The moral of the story is that as the internet becomes an increasingly challenging place to navigate, especially on websites like Naked Capitalism that constantly challenge the self-serving narrative peddled by governments and their corporate partners, NC will stand up to the oppressed. . Please help! Your donations (remember the Tip Jar!) and other forms of support will help keep this important business healthy and fierce.
[1] A few examples that come to mind of the uncomfortable truths that have been discussed and shared here on Naked Capitalism over the past few years:
- The impossibility of a BRICS currency, even in the BANCOR 2.0 format, appearing in the not-too-distant future, for a number of reasons that have been extensively explored by Yves and others. This has not been a popular view, especially among supporters of the emerging world order, but recent statements by BRICS leaders suggest that it may be the right one.

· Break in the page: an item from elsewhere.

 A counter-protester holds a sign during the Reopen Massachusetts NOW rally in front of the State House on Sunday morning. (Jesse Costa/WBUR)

- The inevitable failure of the US-EU sanctions on Russia and their potentially disastrous consequences for the European economy. This is the one we called before the start of the special Russian military operation.

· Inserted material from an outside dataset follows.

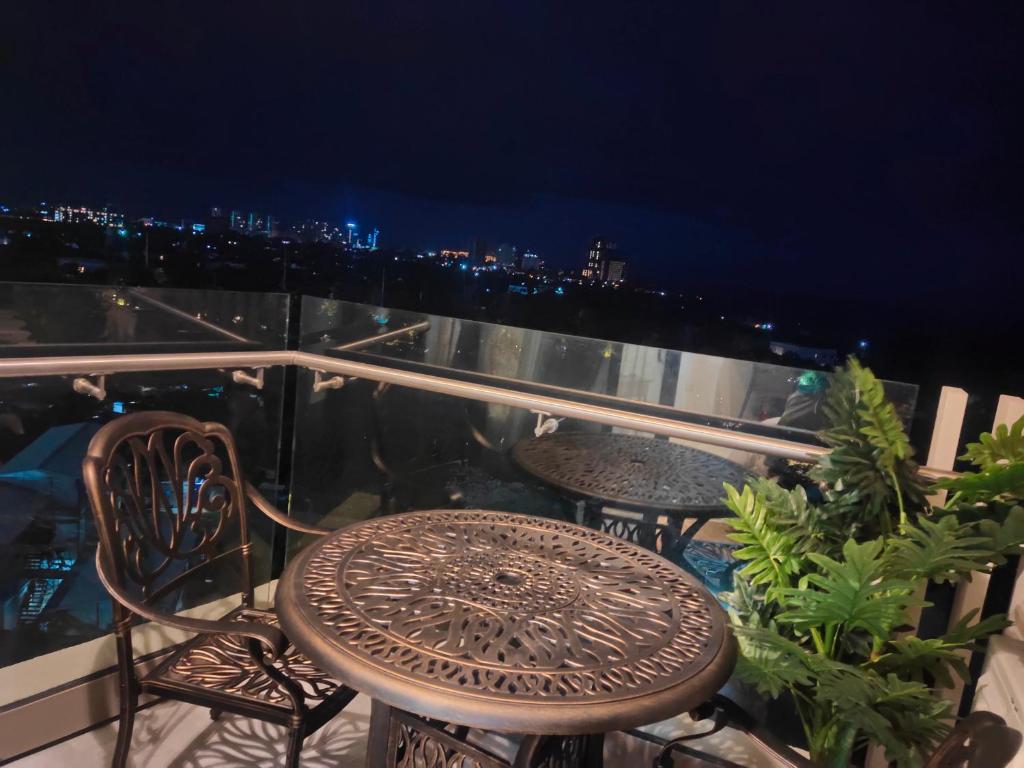 MaribagoTambuli Residence的夜间阳台上的桌椅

- Western leaders believe impossible things about Russia’s war, their growing tensions with China and other tectonic changes taking place in the world. This was part of a wider discussion about the state of leadership in the West, not only in the political sphere but in many fields and sectors.
- The largely overlooked role of the for-profit business in fueling inflation over the past two years. Many media outlets have focused their attention (and their readers) on the relationship between rising wages and inflation, just as the big banks and their constituencies would have them do.
- The (highly regarded) benefits of non-pharmacological interventions (ventilation, masking, etc) in combating the outbreak of COVID-19. Over the past four and a half years Lambert has carefully documented these important aspects of public health care and public health authorities’ arguably lack of interest in them.
- The limited and rapidly diminishing benefits of the COVID-19 vaccine against anything but wild-type COVID. When a Pfizer executive revealed in testimony to the European Parliament that the Pfizer-BioNTech vaccine for COVID-19 was never tested for its ability to prevent the spread of COVID before being put on the market, it shocked everyone – but not the average NC reader, who had known for a long time this troubling fact is due to the excellent work of NC’s COVID-19 brain trust (h/t especially to IM-Doc) in dissecting the COVID-19 vaccine trial data and translating it into human data.
- The benefits (not only ignored but heavily tested) of off-patent drugs and supplements, including, of course, drug I, in the treatment of COVID-19. As Yves wrote in his Jan 2022 article, “COVID: The Narrative Is Crumbling,” the US “should be ashamed that third world countries are doing better by sending diagnostic and treatment services to citizens, and care packages that include thermometers, oximeters blood, tests. kits, zinc, Vitamin C, Vitamin D, OTC meds for fever and sometimes I-drug.”
- Michael Hudson’s podcasts and articles are always informative about how politics and economics intersect, and sometimes even collide, in today’s increasingly globalized world.
- How central bank digital currencies (CBDCs) threaten to change the economy (and almost everything else), is a topic that is starting to get out of the bloodstream of many people.
- The risks posed by digital identity systems are being deployed around the world, from the EU to Russia, to China, Canada and many other countries in the so-called Global South.
- Conor Gallagher’s reporting on the German government’s relentless war to destroy the German economy, among many other important matters in Europe and the Caucasus.
- Satyajit Das’s fascinating series of in-depth articles on the future of energy and the current mess in the Middle East.
- KLG’s fortnightly engaging articles on the state of science today.